The "nick-name defence" has become the latest innovation in domain name registration, which is leading to many disputes. This arose in a recent case involving Nokia, the mobile phone manufacturer. The company learned that three people in London had registered the name www.nokia.me.uk. The "me.uk" is a second level domain introduced by Nominet supposed to give greater flexibility, but it may be back firing. The registrant said that Nokia was a nickname, but when Nokia did a bit of investigating it discovered that the same individuals had registered themselves as sony.me.uk, bmw.me.uk and orange.me.uk- coincidence or what?! One can have too many nick-names!

The Law Society of Scotland is embroiled in its own battle over a domain name.
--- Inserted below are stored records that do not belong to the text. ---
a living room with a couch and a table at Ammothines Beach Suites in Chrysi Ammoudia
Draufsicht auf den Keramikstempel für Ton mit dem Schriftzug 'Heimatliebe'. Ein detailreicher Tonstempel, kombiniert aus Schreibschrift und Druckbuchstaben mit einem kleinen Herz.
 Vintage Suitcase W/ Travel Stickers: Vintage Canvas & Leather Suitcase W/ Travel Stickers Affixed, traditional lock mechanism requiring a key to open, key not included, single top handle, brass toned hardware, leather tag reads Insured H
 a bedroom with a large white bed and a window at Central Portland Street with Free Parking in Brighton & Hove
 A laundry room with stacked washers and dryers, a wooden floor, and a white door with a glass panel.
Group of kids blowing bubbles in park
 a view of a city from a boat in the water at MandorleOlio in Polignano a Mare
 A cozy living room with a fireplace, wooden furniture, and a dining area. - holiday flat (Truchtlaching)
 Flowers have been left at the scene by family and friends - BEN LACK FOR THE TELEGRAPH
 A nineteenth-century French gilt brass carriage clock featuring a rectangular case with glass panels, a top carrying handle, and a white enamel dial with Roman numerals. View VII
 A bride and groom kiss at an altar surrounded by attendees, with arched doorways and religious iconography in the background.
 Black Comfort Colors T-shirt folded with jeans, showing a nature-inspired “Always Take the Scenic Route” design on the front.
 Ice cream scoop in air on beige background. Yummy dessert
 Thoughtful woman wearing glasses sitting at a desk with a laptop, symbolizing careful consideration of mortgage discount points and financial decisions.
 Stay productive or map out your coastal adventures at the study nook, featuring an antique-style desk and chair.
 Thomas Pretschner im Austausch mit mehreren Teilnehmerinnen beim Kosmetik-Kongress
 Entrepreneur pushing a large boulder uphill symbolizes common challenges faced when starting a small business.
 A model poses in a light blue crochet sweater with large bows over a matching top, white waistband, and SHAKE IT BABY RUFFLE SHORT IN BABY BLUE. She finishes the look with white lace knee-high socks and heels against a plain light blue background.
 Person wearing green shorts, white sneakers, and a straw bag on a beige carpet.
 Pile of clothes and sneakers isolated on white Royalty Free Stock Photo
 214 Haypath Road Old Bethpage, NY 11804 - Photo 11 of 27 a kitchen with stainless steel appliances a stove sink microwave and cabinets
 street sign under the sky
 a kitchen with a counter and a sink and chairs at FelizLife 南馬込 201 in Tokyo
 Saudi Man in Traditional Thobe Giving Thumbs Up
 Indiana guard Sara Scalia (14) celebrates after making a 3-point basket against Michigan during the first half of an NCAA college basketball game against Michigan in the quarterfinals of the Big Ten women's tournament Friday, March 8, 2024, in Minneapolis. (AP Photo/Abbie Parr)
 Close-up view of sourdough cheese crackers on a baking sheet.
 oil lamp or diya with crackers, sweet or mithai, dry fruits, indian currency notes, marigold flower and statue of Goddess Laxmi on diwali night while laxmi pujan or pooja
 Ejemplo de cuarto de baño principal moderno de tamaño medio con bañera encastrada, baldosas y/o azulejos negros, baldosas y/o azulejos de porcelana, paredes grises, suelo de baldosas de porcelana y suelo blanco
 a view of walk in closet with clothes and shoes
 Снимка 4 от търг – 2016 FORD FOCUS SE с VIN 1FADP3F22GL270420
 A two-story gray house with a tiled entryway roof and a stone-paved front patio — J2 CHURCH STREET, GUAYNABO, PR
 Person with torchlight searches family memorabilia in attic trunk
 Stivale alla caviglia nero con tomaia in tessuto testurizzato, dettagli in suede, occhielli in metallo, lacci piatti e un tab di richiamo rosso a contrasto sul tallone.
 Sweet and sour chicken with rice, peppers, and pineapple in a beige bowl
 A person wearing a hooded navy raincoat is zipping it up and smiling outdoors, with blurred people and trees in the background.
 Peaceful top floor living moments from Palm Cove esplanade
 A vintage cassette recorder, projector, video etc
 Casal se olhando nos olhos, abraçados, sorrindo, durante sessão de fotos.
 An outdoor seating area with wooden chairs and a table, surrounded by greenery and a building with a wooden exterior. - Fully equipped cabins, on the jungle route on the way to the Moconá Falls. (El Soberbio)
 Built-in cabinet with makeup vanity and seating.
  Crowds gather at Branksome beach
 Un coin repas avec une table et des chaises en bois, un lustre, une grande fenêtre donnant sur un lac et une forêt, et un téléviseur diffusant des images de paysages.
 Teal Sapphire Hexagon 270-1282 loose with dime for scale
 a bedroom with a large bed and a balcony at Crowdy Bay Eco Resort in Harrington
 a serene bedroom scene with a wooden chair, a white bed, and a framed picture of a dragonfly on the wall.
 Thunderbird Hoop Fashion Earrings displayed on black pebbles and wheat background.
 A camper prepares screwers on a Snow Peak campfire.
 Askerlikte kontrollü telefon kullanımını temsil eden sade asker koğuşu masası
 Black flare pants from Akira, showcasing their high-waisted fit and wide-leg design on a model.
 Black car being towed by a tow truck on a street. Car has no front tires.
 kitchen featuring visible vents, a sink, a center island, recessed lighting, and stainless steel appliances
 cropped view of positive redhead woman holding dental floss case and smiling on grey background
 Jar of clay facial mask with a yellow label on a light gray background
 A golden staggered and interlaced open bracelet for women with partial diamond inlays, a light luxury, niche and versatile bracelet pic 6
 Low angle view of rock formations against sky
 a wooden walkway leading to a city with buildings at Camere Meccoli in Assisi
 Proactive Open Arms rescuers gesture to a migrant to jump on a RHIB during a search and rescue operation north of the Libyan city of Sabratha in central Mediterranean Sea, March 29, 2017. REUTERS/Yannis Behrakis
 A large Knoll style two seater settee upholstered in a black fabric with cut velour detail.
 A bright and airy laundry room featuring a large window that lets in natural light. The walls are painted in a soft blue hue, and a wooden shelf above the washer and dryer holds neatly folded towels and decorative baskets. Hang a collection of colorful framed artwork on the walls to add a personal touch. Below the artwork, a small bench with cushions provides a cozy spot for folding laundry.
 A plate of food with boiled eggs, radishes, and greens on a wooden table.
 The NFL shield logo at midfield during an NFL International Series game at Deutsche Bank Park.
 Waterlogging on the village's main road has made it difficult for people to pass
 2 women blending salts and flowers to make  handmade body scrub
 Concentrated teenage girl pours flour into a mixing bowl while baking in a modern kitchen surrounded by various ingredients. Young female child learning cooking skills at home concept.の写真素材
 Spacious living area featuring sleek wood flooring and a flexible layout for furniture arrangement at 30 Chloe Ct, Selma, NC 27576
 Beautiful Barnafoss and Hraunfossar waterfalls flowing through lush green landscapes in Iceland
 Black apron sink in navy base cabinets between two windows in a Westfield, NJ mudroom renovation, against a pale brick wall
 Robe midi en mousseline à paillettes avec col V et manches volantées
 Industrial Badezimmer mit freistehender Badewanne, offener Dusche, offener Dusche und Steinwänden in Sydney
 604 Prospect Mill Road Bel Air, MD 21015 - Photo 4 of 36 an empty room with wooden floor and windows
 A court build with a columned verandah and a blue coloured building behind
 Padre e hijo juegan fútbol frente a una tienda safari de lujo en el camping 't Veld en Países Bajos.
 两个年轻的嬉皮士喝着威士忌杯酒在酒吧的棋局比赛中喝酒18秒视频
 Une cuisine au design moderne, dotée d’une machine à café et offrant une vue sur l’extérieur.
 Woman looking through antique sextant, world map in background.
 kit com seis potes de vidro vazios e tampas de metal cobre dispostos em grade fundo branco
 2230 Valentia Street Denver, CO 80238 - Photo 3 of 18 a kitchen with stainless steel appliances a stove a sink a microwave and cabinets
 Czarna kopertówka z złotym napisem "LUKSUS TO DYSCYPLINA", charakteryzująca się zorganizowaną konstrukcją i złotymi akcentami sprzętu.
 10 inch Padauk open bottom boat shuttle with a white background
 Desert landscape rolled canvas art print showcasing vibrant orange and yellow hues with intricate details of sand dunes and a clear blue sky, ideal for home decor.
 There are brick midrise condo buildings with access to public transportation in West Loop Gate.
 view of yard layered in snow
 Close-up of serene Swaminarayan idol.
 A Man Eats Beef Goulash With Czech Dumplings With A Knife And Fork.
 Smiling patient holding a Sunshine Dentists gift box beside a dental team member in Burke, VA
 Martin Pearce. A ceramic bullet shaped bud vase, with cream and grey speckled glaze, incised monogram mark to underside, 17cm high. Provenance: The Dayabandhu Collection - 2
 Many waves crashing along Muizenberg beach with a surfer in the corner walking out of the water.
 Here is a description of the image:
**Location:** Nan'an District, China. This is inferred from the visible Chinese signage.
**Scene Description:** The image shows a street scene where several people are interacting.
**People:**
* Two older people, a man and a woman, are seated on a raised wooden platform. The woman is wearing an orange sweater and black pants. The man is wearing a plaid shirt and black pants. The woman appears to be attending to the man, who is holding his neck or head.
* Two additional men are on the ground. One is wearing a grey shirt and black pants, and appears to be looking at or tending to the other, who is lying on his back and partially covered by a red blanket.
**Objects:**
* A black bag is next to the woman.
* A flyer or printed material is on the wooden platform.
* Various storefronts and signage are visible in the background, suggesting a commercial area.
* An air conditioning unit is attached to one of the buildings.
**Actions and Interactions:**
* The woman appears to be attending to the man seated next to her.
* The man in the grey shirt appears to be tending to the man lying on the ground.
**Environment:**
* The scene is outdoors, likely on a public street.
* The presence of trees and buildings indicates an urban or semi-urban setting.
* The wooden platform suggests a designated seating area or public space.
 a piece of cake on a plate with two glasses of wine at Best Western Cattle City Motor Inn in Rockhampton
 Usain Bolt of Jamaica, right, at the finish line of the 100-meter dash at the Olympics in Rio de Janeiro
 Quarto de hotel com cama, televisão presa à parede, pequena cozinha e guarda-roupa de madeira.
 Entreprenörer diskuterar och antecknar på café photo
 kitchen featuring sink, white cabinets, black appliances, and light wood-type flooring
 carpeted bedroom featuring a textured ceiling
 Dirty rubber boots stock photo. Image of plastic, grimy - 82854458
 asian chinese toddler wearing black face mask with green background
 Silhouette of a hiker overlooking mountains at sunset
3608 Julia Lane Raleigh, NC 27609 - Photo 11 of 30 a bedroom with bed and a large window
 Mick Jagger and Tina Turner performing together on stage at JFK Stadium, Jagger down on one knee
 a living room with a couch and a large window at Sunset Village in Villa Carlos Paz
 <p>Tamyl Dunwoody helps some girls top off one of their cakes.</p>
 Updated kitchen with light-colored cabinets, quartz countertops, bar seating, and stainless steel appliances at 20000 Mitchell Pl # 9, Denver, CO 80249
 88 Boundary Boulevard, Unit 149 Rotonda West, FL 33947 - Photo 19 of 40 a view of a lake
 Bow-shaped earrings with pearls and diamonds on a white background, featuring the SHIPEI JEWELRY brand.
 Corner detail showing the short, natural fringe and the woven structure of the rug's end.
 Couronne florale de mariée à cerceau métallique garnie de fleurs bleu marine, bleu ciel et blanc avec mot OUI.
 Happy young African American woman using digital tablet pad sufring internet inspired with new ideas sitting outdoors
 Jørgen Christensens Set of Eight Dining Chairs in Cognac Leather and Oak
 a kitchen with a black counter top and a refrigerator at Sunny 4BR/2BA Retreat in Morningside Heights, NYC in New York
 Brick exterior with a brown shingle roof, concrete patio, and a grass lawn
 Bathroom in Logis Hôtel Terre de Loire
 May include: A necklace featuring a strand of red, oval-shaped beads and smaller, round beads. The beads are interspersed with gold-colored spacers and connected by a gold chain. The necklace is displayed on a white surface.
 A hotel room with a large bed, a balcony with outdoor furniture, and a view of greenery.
Mr. Tommy Butler has registered the domain www.lawscot.co.uk. Mr. Butler and Nominet have been served with a Court Order suspending the domain name until the Court has decided the question of ownership. The Society argues that Mr. Butler is passing off and as a result of setting up the site has received confidential e-mails intended for the Law Society. He claims that "lawscot" is a generic name. The Society apparently registered the trademark "lawscot" in March 2002 and applied for it in September 2001 but Mr. Butler claims this was long after the Society approached him with a view to buying the domain. Clearly the whole area of domain names is fraught with difficulty and the profession will have to get up to speed with this new aspect of intellectual property rights.